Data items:
== Segment start ==

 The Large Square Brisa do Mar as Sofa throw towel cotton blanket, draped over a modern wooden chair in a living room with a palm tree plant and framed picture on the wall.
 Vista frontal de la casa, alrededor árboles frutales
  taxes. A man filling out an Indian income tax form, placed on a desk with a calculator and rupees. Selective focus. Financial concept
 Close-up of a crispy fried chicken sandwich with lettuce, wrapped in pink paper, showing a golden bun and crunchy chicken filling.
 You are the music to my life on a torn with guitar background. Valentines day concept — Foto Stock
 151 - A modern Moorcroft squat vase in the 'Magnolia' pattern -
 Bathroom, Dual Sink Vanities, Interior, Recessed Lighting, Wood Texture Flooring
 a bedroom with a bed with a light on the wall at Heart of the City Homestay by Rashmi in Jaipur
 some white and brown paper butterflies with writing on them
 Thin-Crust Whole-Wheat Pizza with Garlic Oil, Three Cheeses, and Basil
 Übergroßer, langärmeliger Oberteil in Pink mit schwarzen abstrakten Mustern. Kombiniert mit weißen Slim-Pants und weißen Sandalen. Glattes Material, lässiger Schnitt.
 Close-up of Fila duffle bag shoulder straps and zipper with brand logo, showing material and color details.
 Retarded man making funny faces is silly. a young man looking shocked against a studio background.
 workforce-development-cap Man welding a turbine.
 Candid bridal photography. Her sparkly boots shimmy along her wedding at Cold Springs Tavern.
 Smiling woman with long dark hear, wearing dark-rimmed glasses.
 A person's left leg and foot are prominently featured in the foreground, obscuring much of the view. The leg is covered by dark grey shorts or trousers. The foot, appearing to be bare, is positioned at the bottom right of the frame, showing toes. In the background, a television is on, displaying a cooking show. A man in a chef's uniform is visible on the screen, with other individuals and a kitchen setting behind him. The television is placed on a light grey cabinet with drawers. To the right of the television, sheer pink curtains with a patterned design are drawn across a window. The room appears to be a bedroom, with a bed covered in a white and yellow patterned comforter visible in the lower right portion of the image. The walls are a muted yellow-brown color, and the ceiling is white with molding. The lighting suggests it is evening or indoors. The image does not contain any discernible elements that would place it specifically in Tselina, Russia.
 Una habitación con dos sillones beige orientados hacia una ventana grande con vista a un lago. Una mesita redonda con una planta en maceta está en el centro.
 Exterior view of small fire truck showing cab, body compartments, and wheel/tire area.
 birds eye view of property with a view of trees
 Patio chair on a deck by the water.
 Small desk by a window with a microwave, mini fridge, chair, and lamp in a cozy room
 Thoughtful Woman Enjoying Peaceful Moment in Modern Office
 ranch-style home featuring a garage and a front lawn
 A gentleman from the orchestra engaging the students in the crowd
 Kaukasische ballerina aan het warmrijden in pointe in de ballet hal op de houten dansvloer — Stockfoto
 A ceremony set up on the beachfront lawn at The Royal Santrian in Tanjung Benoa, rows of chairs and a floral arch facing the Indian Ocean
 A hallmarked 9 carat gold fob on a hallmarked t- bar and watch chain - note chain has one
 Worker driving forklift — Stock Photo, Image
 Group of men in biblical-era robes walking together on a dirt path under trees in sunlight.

== Segment end ==

* [EXERCISE DETAILS]
Each entry above should be retyped exactly, with nothing missed.

* [RESULT BELOW]
 The Large Square Brisa do Mar as Sofa throw towel cotton blanket, draped over a modern wooden chair in a living room with a palm tree plant and framed picture on the wall.
 Vista frontal de la casa, alrededor árboles frutales
  taxes. A man filling out an Indian income tax form, placed on a desk with a calculator and rupees. Selective focus. Financial concept
 Close-up of a crispy fried chicken sandwich with lettuce, wrapped in pink paper, showing a golden bun and crunchy chicken filling.
 You are the music to my life on a torn with guitar background. Valentines day concept — Foto Stock
 151 - A modern Moorcroft squat vase in the 'Magnolia' pattern -
 Bathroom, Dual Sink Vanities, Interior, Recessed Lighting, Wood Texture Flooring
 a bedroom with a bed with a light on the wall at Heart of the City Homestay by Rashmi in Jaipur
 some white and brown paper butterflies with writing on them
 Thin-Crust Whole-Wheat Pizza with Garlic Oil, Three Cheeses, and Basil
 Übergroßer, langärmeliger Oberteil in Pink mit schwarzen abstrakten Mustern. Kombiniert mit weißen Slim-Pants und weißen Sandalen. Glattes Material, lässiger Schnitt.
 Close-up of Fila duffle bag shoulder straps and zipper with brand logo, showing material and color details.
 Retarded man making funny faces is silly. a young man looking shocked against a studio background.
 workforce-development-cap Man welding a turbine.
 Candid bridal photography. Her sparkly boots shimmy along her wedding at Cold Springs Tavern.
 Smiling woman with long dark hear, wearing dark-rimmed glasses.
 A person's left leg and foot are prominently featured in the foreground, obscuring much of the view. The leg is covered by dark grey shorts or trousers. The foot, appearing to be bare, is positioned at the bottom right of the frame, showing toes. In the background, a television is on, displaying a cooking show. A man in a chef's uniform is visible on the screen, with other individuals and a kitchen setting behind him. The television is placed on a light grey cabinet with drawers. To the right of the television, sheer pink curtains with a patterned design are drawn across a window. The room appears to be a bedroom, with a bed covered in a white and yellow patterned comforter visible in the lower right portion of the image. The walls are a muted yellow-brown color, and the ceiling is white with molding. The lighting suggests it is evening or indoors. The image does not contain any discernible elements that would place it specifically in Tselina, Russia.
 Una habitación con dos sillones beige orientados hacia una ventana grande con vista a un lago. Una mesita redonda con una planta en maceta está en el centro.
 Exterior view of small fire truck showing cab, body compartments, and wheel/tire area.
 birds eye view of property with a view of trees
 Patio chair on a deck by the water.
 Small desk by a window with a microwave, mini fridge, chair, and lamp in a cozy room
 Thoughtful Woman Enjoying Peaceful Moment in Modern Office
 ranch-style home featuring a garage and a front lawn
 A gentleman from the orchestra engaging the students in the crowd
 Kaukasische ballerina aan het warmrijden in pointe in de ballet hal op de houten dansvloer — Stockfoto
 A ceremony set up on the beachfront lawn at The Royal Santrian in Tanjung Benoa, rows of chairs and a floral arch facing the Indian Ocean
 A hallmarked 9 carat gold fob on a hallmarked t- bar and watch chain - note chain has one
 Worker driving forklift — Stock Photo, Image
 Group of men in biblical-era robes walking together on a dirt path under trees in sunlight.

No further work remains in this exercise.